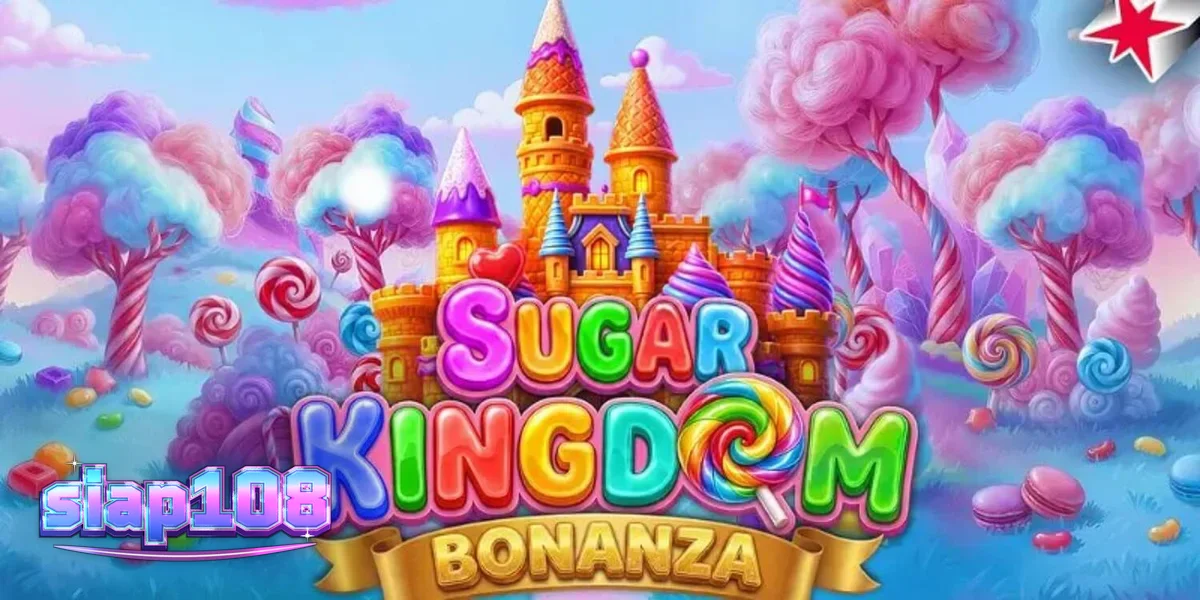 Tampilan visual slot Sugar Kingdom Bonanza dengan latar belakang kastil permen.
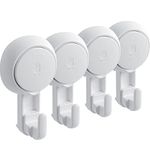 Marchpower Suction Cups Shower Hooks Reusable SuperLock Utility Hooks(4 Pack) Heavy Duty Vacuum Suction Home Kitchen Bathroom Wall Hooks Hanger for Towel Loofah Cloth Key & Ceiling Hanger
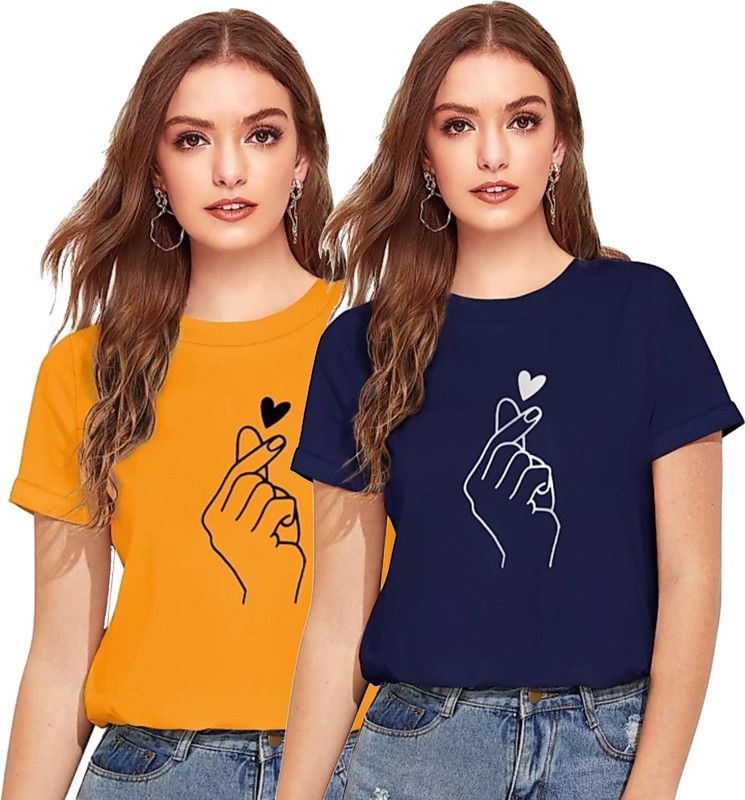 Pack of 2 Women Graphic Print Round Neck Cotton Blend Blue, Yellow T-Shirt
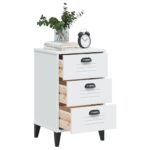 Table de chevet VIKEN blanc bois d'ingénierie – Image 2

-------------------------

◆ **Activity**
All of the data above needs to be given again exactly. Leave out each image.

◆ **Output**
 Tampilan visual slot Sugar Kingdom Bonanza dengan latar belakang kastil permen.
 Marchpower Suction Cups Shower Hooks Reusable SuperLock Utility Hooks(4 Pack) Heavy Duty Vacuum Suction Home Kitchen Bathroom Wall Hooks Hanger for Towel Loofah Cloth Key & Ceiling Hanger
 Pack of 2 Women Graphic Print Round Neck Cotton Blend Blue, Yellow T-Shirt
 Table de chevet VIKEN blanc bois d'ingénierie – Image 2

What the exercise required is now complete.